__Records for the exercise__
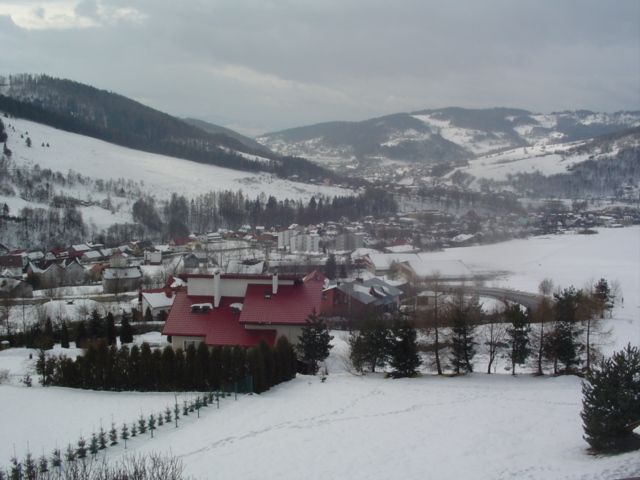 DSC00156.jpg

==

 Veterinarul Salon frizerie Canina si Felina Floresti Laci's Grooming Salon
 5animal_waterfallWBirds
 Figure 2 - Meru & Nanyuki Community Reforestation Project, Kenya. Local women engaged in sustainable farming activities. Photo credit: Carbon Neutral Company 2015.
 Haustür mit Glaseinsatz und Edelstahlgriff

__Assigned task__
Retype, exactly and in full, the lines above from the one containing "5animal_waterfallWBirds" through the one containing "Haustür mit Glaseinsatz und Edelstahlgriff".

__Response box__
 5animal_waterfallWBirds
 Figure 2 - Meru & Nanyuki Community Reforestation Project, Kenya. Local women engaged in sustainable farming activities. Photo credit: Carbon Neutral Company 2015.
 Haustür mit Glaseinsatz und Edelstahlgriff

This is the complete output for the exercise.